What you should do:
Look through the records below for the line with "Welcome to Seoul" and the line with "So whether you're", then return those lines and all lines between, exactly.

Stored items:
=====
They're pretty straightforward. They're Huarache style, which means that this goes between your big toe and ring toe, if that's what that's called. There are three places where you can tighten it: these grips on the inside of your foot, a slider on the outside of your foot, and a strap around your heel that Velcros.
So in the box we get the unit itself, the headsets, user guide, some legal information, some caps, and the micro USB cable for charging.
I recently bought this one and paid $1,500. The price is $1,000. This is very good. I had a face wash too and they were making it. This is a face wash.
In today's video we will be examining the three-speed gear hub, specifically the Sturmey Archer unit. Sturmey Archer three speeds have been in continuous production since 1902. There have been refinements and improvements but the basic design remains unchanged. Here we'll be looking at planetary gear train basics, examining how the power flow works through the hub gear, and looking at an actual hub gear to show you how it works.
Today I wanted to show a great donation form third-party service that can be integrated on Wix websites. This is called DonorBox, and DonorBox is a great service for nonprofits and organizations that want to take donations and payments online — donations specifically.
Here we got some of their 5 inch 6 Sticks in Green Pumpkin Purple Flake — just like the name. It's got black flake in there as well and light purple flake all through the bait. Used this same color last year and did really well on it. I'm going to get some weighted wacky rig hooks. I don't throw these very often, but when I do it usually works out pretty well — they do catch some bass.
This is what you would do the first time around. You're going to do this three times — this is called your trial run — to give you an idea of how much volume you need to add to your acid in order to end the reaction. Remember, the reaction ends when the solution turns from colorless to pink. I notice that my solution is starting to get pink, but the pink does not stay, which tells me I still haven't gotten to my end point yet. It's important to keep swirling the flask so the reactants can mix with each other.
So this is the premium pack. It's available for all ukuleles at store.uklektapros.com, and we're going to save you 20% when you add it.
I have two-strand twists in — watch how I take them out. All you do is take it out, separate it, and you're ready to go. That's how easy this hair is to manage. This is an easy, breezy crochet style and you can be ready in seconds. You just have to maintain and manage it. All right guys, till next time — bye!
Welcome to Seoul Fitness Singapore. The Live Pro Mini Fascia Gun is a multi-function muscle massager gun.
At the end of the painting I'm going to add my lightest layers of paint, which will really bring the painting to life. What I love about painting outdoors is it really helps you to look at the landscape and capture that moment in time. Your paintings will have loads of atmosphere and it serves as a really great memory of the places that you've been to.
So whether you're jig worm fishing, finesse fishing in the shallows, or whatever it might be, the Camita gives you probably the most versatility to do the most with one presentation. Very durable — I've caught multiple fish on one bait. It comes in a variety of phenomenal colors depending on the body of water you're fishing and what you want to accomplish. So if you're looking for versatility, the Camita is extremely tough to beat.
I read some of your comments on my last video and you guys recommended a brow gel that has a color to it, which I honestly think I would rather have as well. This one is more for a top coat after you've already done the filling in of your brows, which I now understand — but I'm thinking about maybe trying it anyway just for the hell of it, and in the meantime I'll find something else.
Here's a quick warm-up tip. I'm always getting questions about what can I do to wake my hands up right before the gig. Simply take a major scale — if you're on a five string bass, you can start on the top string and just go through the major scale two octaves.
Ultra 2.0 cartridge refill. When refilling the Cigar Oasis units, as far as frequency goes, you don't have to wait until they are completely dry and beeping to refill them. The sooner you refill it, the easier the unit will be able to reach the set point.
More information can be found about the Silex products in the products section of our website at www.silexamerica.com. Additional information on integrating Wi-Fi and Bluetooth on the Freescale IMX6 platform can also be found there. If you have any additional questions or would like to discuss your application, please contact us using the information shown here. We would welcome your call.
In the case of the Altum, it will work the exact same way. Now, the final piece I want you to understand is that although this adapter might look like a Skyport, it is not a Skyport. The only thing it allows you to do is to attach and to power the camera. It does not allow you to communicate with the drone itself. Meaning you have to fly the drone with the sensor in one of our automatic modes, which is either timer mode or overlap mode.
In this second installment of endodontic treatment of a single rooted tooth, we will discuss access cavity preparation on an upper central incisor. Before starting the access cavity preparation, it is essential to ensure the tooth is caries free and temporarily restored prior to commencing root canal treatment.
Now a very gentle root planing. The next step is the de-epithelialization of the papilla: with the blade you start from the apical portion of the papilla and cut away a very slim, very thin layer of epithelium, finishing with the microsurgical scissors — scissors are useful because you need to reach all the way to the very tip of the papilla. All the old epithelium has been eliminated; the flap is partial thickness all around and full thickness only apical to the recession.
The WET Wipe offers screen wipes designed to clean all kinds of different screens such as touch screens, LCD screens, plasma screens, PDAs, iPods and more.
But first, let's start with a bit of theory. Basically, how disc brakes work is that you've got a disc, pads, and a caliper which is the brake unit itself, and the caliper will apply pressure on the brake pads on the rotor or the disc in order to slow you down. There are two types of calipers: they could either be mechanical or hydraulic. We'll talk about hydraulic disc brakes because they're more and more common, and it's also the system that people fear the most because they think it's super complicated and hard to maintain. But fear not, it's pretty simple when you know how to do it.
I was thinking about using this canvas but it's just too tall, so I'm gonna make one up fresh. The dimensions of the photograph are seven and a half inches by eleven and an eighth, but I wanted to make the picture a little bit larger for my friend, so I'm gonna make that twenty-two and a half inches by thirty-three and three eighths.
=====
Solution below:
Welcome to Seoul Fitness Singapore. The Live Pro Mini Fascia Gun is a multi-function muscle massager gun.
At the end of the painting I'm going to add my lightest layers of paint, which will really bring the painting to life. What I love about painting outdoors is it really helps you to look at the landscape and capture that moment in time. Your paintings will have loads of atmosphere and it serves as a really great memory of the places that you've been to.
So whether you're jig worm fishing, finesse fishing in the shallows, or whatever it might be, the Camita gives you probably the most versatility to do the most with one presentation. Very durable — I've caught multiple fish on one bait. It comes in a variety of phenomenal colors depending on the body of water you're fishing and what you want to accomplish. So if you're looking for versatility, the Camita is extremely tough to beat.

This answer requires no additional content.